> **Work to complete**
In the entries below, find the line with "High Quality Bv1g*ai Bracelet" and the line with "2D Foch Avenue, Mount", then retype both and everything between them exactly. Do not copy the pictures.

** Opening Provided information block **

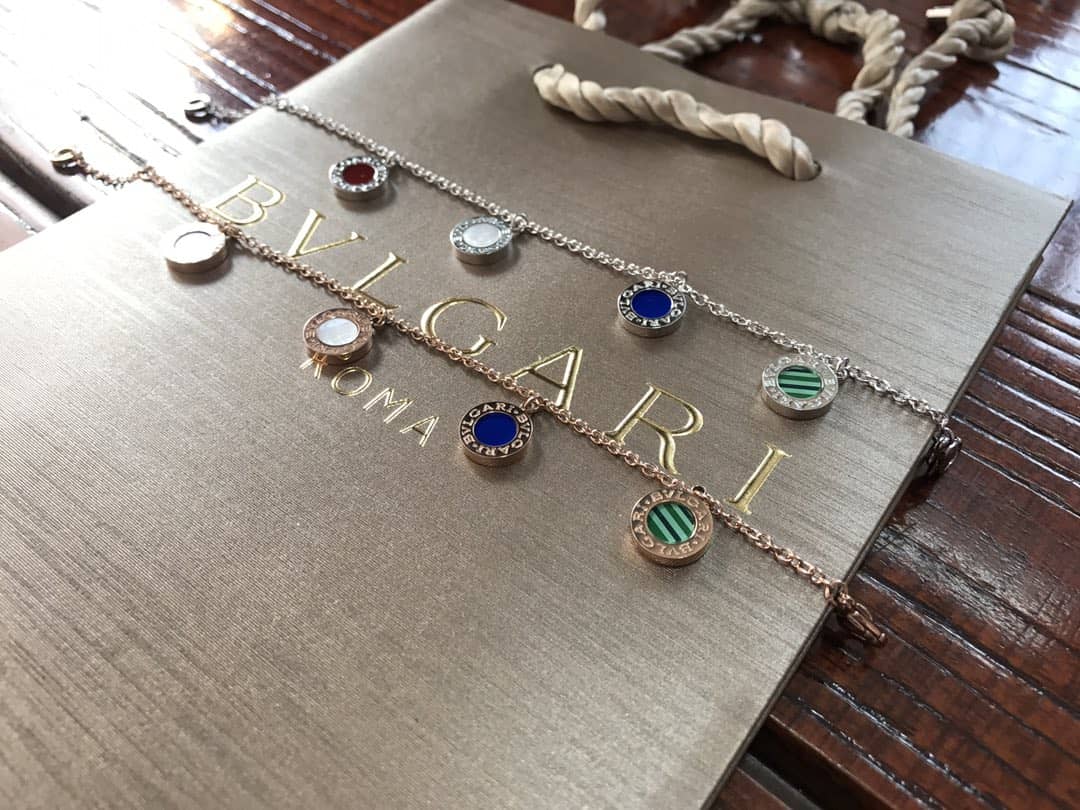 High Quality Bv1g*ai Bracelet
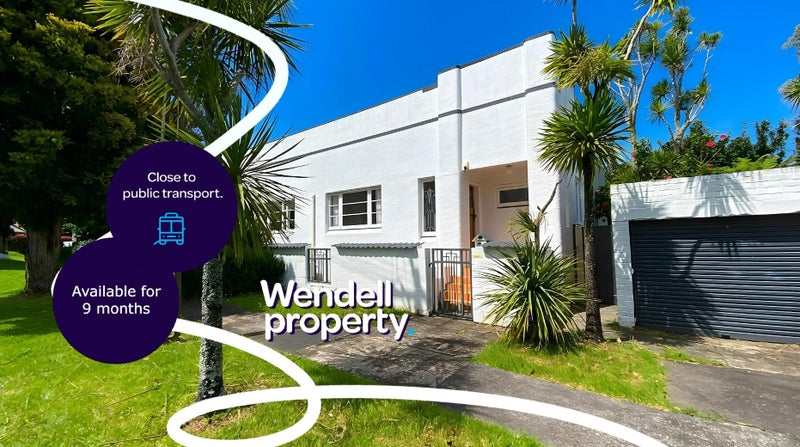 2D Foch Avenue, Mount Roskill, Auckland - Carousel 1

** Closing Provided information block **
** Opening Provided information block **

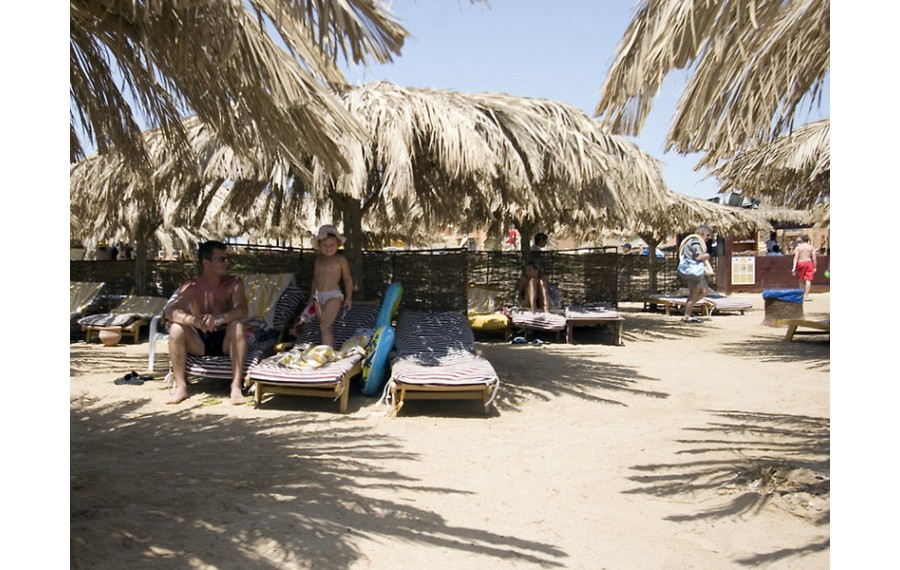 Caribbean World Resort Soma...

** Closing Provided information block **
** Opening Provided information block **

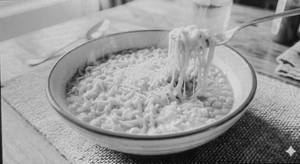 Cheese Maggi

** Closing Provided information block **

> **Solution for this exercise**
 High Quality Bv1g*ai Bracelet
 2D Foch Avenue, Mount Roskill, Auckland - Carousel 1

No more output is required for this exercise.